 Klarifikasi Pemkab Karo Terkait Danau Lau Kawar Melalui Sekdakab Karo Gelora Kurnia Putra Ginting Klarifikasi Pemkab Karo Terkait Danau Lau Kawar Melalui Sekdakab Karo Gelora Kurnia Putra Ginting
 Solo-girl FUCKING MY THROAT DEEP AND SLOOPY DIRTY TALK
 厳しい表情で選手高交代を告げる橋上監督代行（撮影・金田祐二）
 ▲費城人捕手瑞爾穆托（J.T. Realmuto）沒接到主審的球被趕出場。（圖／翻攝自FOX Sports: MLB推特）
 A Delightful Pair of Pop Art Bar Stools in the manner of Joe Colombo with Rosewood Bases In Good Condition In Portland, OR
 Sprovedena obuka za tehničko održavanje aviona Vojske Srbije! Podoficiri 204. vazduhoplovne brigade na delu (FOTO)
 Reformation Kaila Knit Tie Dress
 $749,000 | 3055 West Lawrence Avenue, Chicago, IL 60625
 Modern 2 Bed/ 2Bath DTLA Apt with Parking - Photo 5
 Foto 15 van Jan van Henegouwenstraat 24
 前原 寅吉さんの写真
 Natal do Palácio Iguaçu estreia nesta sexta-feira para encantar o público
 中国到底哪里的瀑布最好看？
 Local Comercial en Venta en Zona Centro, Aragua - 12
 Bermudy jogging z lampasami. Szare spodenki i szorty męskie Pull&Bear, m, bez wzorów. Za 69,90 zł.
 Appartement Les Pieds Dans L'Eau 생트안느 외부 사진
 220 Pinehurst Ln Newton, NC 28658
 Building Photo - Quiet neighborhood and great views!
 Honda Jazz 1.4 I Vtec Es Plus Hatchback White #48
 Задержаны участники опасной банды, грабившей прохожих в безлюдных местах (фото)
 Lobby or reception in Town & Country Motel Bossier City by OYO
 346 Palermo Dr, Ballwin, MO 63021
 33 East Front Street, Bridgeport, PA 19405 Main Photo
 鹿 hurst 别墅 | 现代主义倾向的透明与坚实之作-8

▶ Exercise directions
Give back only the lines from the one containing "Задержаны участники опасной" through the final line of the entries above, exactly as written, both included.

▶ Result below
 Задержаны участники опасной банды, грабившей прохожих в безлюдных местах (фото)
 Lobby or reception in Town & Country Motel Bossier City by OYO
 346 Palermo Dr, Ballwin, MO 63021
 33 East Front Street, Bridgeport, PA 19405 Main Photo
 鹿 hurst 别墅 | 现代主义倾向的透明与坚实之作-8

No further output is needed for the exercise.